Samenstelling huishouden
(…)
Als er een extra slaapkamer in gebruik is , kan dit leiden tot extra inzet van 16 uur per jaar (18 minuten per week). Dit is een slaapkamer die daadwerkelijk in gebruik is door een huisgenoot. Een logeerkamer is geen extra kamer in gebruik.
Een niet in gebruik zijnde extra (slaap)kamer (hobbykamer, computerkamer, werkkamer, logeerkamer o.i.d.) moet wel periodiek worden schoongemaakt om het huis als geheel schoon en leefbaar te houden c.q. niet te laten vervuilen. Dit betreft 4 uur op jaarbasis (5 minuten per week).

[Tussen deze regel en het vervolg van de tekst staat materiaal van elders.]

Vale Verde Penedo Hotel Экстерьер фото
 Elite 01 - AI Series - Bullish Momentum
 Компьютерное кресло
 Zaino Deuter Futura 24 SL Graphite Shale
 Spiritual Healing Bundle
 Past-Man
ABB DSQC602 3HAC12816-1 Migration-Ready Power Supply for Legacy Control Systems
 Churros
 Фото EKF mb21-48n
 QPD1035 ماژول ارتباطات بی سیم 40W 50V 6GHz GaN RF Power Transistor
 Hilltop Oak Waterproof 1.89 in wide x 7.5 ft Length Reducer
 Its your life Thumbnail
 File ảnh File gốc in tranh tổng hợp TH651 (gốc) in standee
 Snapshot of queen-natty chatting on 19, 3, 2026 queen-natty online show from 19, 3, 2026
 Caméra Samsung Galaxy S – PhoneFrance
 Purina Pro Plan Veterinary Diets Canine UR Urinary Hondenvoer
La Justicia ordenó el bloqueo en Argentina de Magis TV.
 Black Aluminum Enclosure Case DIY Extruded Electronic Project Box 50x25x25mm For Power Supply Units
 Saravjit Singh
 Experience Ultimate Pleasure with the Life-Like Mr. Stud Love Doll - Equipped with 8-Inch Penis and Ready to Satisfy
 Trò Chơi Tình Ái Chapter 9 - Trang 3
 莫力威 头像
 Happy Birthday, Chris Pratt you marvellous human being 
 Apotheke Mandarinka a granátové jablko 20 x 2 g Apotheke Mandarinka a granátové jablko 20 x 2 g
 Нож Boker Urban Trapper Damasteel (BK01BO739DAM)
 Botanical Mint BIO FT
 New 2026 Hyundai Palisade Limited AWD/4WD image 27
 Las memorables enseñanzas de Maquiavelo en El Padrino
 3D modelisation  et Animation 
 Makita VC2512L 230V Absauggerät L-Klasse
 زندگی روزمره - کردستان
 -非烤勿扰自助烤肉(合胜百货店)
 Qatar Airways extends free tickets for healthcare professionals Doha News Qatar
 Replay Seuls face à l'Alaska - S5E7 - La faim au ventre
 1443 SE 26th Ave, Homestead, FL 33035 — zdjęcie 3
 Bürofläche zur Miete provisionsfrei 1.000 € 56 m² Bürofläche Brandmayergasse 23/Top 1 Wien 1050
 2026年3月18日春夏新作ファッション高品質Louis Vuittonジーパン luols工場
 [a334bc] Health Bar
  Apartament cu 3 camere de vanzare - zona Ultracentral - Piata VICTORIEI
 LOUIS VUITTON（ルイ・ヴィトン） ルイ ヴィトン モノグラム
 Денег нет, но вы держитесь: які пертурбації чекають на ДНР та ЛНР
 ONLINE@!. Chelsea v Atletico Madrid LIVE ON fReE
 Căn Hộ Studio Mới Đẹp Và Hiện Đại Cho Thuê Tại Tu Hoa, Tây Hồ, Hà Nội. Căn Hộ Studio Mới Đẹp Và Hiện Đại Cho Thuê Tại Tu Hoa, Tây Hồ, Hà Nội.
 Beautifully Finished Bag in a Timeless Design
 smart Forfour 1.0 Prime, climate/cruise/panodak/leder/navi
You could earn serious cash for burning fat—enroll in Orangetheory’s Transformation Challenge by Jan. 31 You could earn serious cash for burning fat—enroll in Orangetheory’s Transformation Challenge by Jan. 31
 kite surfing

Extra inzet in uitzonderlijke situaties

De Wmo gaat uit van maatwerk. In de praktijk wordt op basis van de hierboven beschreven inzet passende ondersteuning geboden. Wellicht zijn er cliënten waarbij dat niet het geval is en er meer ondersteuning nodig is. Voor deze cliënten bepaalt de gemeente/Toegangsprofessional in redelijkheid wat de extra in te zetten tijd is om te zorgen dat de woning in aanvaardbare mate schoon is en niet vervuilt.